明石です

カジュアリティーズの明石ですのレビュー・感想・評価

カジュアリティーズ(1989年製作の映画)
4.4
ベトナム戦争での実話を元にしたブライアンデパルマ監督の作品。
主演はバックトゥザフューチャーシリーズのマイケルJフォックス、準主演はカメレオン俳優のショーンペン。

ベトナム戦争を題材にした映画といえば「プラトーン」や「地獄の黙示録」が有名ですが、本作はまた違った趣の作品でした。

「ベトナム人を共産主義から救う」という大義名分を掲げて戦争に参加した主人公が、ベトナム人を傷つけ家畜のように扱う非道な米軍の姿を目にしていく物語。

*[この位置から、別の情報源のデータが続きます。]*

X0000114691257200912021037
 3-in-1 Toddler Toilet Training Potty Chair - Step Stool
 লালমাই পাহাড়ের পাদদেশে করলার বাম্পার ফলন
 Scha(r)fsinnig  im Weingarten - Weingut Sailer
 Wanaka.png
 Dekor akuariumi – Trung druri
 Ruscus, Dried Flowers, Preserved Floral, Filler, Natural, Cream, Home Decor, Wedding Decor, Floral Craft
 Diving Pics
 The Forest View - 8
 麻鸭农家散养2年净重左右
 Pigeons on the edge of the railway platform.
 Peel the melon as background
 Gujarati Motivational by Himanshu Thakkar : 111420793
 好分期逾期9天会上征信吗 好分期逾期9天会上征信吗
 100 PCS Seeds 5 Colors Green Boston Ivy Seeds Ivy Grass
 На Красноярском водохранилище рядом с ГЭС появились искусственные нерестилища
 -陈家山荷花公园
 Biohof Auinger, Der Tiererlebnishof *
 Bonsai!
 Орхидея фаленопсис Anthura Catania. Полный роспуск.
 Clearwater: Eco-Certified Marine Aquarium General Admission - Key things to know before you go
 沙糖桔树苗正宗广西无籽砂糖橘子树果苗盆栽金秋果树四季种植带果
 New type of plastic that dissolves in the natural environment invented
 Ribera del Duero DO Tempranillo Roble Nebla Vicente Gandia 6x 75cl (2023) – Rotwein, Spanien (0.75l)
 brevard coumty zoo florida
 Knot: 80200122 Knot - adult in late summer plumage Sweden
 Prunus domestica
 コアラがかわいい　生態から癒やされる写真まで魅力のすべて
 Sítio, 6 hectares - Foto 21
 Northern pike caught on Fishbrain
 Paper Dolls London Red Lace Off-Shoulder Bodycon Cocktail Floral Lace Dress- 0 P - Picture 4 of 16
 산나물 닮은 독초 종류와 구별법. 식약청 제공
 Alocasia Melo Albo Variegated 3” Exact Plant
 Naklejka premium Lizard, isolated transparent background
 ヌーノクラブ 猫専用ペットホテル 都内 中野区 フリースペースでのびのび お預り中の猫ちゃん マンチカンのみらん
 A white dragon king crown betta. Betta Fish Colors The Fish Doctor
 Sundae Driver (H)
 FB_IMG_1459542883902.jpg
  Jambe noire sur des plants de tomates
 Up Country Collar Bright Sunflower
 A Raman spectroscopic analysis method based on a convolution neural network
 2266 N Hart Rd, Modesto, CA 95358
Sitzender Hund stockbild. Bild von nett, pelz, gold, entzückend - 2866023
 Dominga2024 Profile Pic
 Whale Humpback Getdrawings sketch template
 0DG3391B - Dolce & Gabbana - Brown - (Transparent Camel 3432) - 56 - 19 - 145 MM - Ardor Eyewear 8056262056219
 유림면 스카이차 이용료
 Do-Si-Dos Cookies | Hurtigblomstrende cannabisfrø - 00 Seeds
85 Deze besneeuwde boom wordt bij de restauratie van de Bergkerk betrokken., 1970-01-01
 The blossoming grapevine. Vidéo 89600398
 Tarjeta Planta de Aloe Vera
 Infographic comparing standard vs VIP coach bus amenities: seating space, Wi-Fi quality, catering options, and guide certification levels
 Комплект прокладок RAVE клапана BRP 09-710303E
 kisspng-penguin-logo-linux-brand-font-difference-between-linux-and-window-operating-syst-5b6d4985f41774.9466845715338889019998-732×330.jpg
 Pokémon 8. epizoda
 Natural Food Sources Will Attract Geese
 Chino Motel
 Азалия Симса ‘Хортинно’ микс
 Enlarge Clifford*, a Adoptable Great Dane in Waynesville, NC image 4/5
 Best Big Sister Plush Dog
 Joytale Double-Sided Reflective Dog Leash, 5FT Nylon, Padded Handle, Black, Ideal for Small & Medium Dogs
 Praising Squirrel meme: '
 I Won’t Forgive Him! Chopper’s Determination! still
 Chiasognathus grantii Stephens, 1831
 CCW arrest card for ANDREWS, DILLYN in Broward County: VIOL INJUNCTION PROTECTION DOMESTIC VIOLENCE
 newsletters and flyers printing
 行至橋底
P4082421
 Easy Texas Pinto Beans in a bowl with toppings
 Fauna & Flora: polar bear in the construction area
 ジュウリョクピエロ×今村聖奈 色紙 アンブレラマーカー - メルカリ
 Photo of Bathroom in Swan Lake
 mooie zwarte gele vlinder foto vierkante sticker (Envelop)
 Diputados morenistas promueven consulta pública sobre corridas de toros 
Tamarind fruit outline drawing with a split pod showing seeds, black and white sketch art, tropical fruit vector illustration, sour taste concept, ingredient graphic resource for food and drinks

Casualtyは「戦死者;犠牲者」という意味で記憶していたのだけれど、この映画の”casualty”は戦死者ではなく、慰安婦として強制的に連れ去られレイプされ殺された女性のこと。
監督自身見るのがツライと語っていたそうで、かな〜り重たい内容でした。

米兵がベトナム人を粗雑に扱うシーンが延々続く中、マイケルJフォックス演じる新兵だけはレイプを拒否し女性を逃がそうとするなど良心ある人で安心した。彼が最後上官に”Go to hell, sir”と言い放つシーンは痺れました。

一方でショーンペン演じる軍曹は根っからの性悪で、こんな前々世から悪人のような役を当たり前のようにこなせるショーンペン、演技の幅広すぎんか?と感心しちゃいました。(やはりショーンペンは「アイアムサム」や「俺たちは天使じゃない」のような根っからの善人イメージが抜けないので笑。)

個人的にはすごく好きな内容。戦争モノでは特にハマれました。
あと戦争映画は2時間半〜3時間と長尺のものが多い中、本作は2時間弱にまとまっているのも良い。全く飽きることなく一気見できました。

ブライアンデパルマ監督自身「ベトナム戦争を題材にした作品の中では1番の名作」と話していました。ただ彼自身悲惨すぎが内容に「2度は見たくない」とも話していましたが。